» **WHAT IS NEEDED**:
In the data below, the answer is the run of lines from the line containing "So I hope you" through the line containing "Next, we'll configure", both included; print it exactly and nothing else.
MATERIAL TO PROCESS START
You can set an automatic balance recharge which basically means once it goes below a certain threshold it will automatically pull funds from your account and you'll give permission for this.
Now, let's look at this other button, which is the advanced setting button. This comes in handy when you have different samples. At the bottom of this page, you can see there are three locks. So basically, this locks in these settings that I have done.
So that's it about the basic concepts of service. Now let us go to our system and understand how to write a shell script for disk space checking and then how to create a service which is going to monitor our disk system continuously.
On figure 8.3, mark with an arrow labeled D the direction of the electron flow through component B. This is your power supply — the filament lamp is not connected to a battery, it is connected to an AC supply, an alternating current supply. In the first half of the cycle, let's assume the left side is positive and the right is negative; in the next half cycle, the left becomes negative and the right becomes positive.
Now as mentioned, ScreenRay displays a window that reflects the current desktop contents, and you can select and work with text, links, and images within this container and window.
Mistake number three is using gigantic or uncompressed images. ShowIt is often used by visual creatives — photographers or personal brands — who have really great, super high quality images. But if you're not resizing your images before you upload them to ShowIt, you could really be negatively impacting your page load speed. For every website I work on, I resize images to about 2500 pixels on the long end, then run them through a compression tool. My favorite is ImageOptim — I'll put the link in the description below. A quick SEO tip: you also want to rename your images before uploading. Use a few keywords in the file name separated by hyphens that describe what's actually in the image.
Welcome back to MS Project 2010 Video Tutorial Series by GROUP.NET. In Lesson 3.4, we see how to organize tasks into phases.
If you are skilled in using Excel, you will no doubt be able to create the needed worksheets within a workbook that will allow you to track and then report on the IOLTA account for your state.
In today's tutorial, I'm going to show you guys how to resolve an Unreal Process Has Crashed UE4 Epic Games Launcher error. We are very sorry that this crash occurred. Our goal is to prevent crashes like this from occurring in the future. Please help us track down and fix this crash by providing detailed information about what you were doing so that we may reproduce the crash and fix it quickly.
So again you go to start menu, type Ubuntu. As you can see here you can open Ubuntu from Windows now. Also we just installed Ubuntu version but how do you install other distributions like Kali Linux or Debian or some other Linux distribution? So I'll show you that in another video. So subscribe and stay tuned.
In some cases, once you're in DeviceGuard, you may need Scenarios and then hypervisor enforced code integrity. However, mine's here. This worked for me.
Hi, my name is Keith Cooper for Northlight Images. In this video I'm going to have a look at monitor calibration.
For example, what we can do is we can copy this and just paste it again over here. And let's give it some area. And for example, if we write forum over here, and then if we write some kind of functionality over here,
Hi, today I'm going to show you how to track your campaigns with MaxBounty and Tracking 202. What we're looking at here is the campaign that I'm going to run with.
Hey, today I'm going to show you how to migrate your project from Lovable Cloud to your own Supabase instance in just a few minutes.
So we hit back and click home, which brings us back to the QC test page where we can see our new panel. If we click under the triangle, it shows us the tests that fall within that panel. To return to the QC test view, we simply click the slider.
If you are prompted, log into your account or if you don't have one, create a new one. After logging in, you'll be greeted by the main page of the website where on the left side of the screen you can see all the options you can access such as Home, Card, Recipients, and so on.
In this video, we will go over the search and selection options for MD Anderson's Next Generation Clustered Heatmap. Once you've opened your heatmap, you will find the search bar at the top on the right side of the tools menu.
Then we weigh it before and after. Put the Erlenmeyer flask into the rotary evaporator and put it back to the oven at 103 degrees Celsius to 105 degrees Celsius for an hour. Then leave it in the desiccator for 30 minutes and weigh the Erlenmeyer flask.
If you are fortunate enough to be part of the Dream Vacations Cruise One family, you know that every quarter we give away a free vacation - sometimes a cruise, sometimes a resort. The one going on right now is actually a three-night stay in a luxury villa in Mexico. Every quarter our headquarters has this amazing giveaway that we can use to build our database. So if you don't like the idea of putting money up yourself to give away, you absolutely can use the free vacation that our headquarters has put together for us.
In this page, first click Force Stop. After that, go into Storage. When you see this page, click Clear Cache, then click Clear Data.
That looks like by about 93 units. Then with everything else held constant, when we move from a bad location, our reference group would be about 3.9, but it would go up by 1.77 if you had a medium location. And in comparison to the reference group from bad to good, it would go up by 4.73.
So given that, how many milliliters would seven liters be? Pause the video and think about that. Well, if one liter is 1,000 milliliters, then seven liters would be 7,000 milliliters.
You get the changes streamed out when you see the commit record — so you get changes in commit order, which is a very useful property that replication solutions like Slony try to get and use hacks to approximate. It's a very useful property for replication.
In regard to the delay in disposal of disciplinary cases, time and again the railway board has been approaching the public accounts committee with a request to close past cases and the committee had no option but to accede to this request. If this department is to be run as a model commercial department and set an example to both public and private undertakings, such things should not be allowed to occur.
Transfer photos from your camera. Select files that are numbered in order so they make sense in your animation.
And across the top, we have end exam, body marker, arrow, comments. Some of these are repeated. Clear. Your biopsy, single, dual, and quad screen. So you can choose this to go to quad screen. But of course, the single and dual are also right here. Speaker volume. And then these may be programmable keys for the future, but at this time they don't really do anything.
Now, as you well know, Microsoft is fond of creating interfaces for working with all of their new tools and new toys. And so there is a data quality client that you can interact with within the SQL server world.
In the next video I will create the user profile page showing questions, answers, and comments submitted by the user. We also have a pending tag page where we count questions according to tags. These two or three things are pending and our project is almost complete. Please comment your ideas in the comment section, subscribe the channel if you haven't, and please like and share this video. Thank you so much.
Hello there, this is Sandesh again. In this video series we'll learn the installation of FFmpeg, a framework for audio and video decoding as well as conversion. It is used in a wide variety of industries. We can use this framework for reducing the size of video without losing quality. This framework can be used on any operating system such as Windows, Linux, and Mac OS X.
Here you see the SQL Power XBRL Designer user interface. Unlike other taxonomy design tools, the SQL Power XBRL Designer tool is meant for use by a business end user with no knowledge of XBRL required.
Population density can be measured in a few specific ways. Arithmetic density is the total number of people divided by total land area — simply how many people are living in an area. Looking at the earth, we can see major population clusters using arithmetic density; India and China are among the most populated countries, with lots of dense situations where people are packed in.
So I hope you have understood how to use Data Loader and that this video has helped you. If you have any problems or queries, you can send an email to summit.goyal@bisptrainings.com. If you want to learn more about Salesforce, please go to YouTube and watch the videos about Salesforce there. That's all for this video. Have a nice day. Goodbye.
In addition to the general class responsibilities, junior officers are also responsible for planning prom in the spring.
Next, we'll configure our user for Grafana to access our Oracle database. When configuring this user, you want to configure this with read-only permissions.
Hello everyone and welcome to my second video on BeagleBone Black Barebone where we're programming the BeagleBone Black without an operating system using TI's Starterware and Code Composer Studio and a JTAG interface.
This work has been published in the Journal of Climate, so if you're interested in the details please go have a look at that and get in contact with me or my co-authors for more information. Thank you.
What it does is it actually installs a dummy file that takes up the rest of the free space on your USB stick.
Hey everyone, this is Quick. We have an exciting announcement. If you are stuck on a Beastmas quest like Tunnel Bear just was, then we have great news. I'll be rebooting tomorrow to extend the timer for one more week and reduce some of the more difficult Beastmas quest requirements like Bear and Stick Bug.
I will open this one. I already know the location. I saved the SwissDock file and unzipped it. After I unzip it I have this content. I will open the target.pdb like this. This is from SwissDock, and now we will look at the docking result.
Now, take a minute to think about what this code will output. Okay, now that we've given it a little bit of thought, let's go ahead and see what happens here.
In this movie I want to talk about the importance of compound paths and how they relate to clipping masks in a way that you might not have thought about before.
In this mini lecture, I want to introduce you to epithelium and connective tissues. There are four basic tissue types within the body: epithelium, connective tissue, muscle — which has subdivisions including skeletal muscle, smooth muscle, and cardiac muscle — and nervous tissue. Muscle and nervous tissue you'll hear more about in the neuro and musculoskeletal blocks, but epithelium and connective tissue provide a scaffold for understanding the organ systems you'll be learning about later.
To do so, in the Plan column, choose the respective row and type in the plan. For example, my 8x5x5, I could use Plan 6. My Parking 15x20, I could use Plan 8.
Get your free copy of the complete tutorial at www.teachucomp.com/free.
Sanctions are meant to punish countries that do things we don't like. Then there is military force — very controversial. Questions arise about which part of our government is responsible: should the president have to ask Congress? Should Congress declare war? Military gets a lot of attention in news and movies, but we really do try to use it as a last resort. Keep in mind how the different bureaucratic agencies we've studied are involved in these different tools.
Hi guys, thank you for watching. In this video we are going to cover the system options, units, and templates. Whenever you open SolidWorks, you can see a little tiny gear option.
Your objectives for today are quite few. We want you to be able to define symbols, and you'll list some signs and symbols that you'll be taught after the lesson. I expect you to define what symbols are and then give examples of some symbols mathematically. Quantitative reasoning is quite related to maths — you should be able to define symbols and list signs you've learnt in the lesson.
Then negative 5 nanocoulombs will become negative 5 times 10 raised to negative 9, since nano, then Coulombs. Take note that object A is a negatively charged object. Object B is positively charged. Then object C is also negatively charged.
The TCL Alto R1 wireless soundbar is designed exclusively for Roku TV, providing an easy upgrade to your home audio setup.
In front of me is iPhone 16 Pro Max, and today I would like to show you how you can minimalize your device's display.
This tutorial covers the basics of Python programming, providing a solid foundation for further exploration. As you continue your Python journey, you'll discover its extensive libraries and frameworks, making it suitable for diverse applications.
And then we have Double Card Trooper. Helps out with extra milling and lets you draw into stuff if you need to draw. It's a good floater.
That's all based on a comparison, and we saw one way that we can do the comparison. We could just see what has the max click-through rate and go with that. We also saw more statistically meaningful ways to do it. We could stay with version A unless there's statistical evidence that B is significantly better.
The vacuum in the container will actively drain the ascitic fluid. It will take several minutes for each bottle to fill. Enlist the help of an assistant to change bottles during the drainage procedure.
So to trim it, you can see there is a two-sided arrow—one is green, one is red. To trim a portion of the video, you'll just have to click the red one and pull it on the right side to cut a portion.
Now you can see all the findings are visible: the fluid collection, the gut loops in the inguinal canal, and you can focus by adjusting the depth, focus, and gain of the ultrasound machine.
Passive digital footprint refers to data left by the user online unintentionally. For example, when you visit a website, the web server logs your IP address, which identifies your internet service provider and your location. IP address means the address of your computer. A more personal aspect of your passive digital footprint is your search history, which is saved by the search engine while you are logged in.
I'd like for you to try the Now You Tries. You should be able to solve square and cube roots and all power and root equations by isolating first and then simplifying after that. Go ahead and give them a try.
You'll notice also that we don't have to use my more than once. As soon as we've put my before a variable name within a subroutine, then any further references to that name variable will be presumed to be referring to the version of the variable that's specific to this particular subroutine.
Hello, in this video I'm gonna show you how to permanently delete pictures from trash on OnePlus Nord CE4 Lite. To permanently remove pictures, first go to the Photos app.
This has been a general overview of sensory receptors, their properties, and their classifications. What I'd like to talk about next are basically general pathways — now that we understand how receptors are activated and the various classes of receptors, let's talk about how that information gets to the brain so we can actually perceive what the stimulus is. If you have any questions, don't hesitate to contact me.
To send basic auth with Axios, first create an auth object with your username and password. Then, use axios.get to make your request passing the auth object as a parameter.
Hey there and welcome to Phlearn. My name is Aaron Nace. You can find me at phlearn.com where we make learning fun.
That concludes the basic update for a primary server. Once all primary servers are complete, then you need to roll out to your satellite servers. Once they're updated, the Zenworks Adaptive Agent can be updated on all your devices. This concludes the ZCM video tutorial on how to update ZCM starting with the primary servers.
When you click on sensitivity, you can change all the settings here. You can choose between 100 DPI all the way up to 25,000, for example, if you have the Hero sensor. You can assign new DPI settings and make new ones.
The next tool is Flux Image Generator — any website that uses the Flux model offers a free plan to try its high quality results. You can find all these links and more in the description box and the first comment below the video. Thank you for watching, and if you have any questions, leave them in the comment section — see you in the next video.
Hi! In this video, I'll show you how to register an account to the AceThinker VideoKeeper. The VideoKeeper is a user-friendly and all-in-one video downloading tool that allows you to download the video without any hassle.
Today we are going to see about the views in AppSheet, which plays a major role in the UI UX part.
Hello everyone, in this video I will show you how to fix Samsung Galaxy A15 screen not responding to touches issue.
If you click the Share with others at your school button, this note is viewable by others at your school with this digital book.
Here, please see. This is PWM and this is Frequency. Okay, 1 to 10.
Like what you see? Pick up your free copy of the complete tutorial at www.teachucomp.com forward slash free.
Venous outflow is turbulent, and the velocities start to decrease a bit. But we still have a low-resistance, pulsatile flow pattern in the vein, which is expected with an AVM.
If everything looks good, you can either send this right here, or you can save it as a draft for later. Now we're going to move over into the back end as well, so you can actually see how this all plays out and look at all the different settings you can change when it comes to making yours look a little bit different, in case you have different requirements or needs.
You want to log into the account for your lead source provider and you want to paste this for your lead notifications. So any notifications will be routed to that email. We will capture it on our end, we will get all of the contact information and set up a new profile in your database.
MATERIAL TO PROCESS END
» **FINAL ANSWER**:
So I hope you have understood how to use Data Loader and that this video has helped you. If you have any problems or queries, you can send an email to summit.goyal@bisptrainings.com. If you want to learn more about Salesforce, please go to YouTube and watch the videos about Salesforce there. That's all for this video. Have a nice day. Goodbye.
In addition to the general class responsibilities, junior officers are also responsible for planning prom in the spring.
Next, we'll configure our user for Grafana to access our Oracle database. When configuring this user, you want to configure this with read-only permissions.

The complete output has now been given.